I’m after some more guidance if possible please. I’ve posted about other aspects of this app recently, but this issue relates to a different kernel (so reading my other posts isn’t needed!).
The app application transfers a series of “records” into GPU memory, which arrive from an external data acquisition PCI card. Once there are enough records in the buffer, we run a series of kernels to process that data.
The number of values in the records (“record length”) is user configurable but typically around 45,000. They are short types. The number of records transferred into the buffer before being processed is user configurable, as is the record length. The process then repeats, i.e. transfer X records, process, transfer, process, etc., often for many minutes.
The problem is this: if we transfer 20,000 records to the GPU before processing, the kernel in question (which I’ll come to below) takes 14ms to execute. If we double the number of records to 40,000 but keep all other settings the same, then the kernel execution time jumps to over 400ms.
The kernel in question is responsible for summing the records (“accumulating” is the terminology we use). The number of records to accumulate is user configurable but almost always in single digits. E.g. say we have 20,000 records in the buffer and ‘num accumulations’ = 2. The kernel will therefore sum the first two records in the buffer together, the next two records together, and so on. The summed values are written to an “output” buffer, with the end result being 10,000 new “accumulated” records.
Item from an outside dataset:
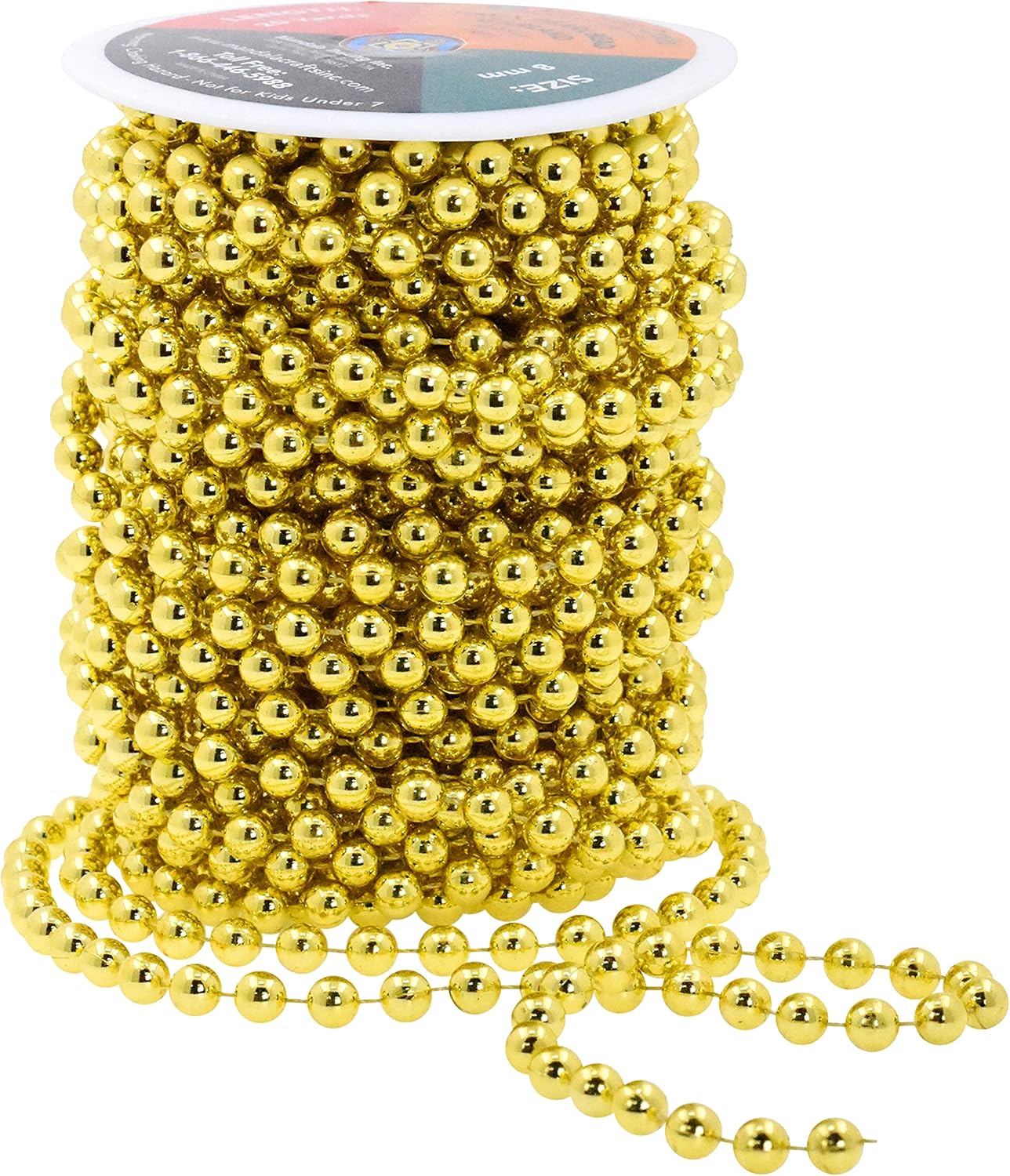 Mandala Crafts 8mm Faux Metallic Gold Pearl Beads Roll - 20 Yards Strand of Fake Pearls Chain Garlands Spool String for Christmas Tree, Wedding, Party, Vases, DIY Decoration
I’m assuming the poor performance can be attributed to the way a thread has to make large strides across the buffer as it sums its designated value from each record, negating any benefits of memory coalescing.
Here’s the kernel code. The launch parameters are:
<<<number of records in buffer / num accumulations, 1024>>>
__device__ void FirstPassAccumulation(
short* in_buff,
float* out_buff,
size_t record_len,
size_t num_accums)
{
// Which "group" of N neighbouring records to sum (where N=num accums)
int groupIdx = blockIdx.x;
// Value to sum (ultimately covering the range 0 to reclen-1 using striding in the "while" loop below)
int valueIdx = threadIdx.x;
int groupOffset = groupIdx * num_accums;
int accumulatedRecordOffset = groupIdx * record_len;
while (valueIdx < record_len)
{
int sum = 0;
for (size_t na = 0; na < num_accums; na++)
{
sum += in_buff[((groupOffset + na) * record_len) + valueIdx];
}
out_buff[accumulatedRecordOffset + valueIdx] = sum;
valueIdx += blockDim.x;
}
}
(The “output” buffer is a float type, as later kernels will perform further processing on this data).
The kernel does work by the way - the issue here is the exponentially increasing time as the number of records increases. I did think about splitting up the data, e.g. running this kernel after every (say) 1000 records, rather than wait until we have all 20,000. At this stage I’m really after a sanity check of the code, in case there are opportunities to optimise it, before I start at more drastic refactoring.